Curbing increases in food and housing prices remains the government’s top priority, Wen said on Oct. 22. The People’s Bank of China set its daily reference rate 0.29 percent higher at 6.3290 per dollar today, the biggest increase since November. Stock indexes rallied across Asia after Europe announced measures to contain the region’s debt crisis.
“The record fixing shows China’s determination to tackle inflation as a stronger currency can lower import costs,” said Kenix Lai, a Hong Kong-based foreign-exchange analyst at Bank of East Asia Ltd. “Market sentiment got a boost after Europe reached an accord.”

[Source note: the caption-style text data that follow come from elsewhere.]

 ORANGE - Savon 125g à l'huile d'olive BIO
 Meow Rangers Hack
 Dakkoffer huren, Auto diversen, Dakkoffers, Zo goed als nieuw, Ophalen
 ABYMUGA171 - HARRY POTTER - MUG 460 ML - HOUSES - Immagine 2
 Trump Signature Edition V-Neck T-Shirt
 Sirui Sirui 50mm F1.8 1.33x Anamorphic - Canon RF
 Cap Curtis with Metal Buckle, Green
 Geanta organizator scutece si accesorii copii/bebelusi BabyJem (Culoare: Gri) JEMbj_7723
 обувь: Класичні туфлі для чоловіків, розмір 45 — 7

The yuan gained 0.4 percent this week, the most since the five-day period ended Aug. 12, to close at 6.3586 per dollar in Shanghai, according to the China Foreign Exchange Trade System. It advanced 0.01 percent today.
In Hong Kong’s offshore market, the yuan advanced 0.3 percent today and 0.7 percent this week to 6.3799 per dollar. Its discount to the onshore rate narrowed to 0.3 percent from last week’s 0.6 percent. Twelve-month non-deliverable forwards increased 0.4 percent today to 6.3500, the strongest level since Oct. 11.

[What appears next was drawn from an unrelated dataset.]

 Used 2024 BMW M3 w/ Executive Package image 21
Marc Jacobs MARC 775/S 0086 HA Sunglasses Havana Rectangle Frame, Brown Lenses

Consumer prices rose 6.1 percent last month from a year earlier after having increased 6.2 percent in August, according to official data. The inflation rate has exceeded the government’s annual target of 4 percent every month this year.
French President Nicolas Sarkozy spoke yesterday with Chinese President Hu Jintao to seek support from the country with the world’s largest currency reserves to help contain the euro-region debt crisis. Hu hoped the measures will help to stabilize markets, state-owned China Central Television reported.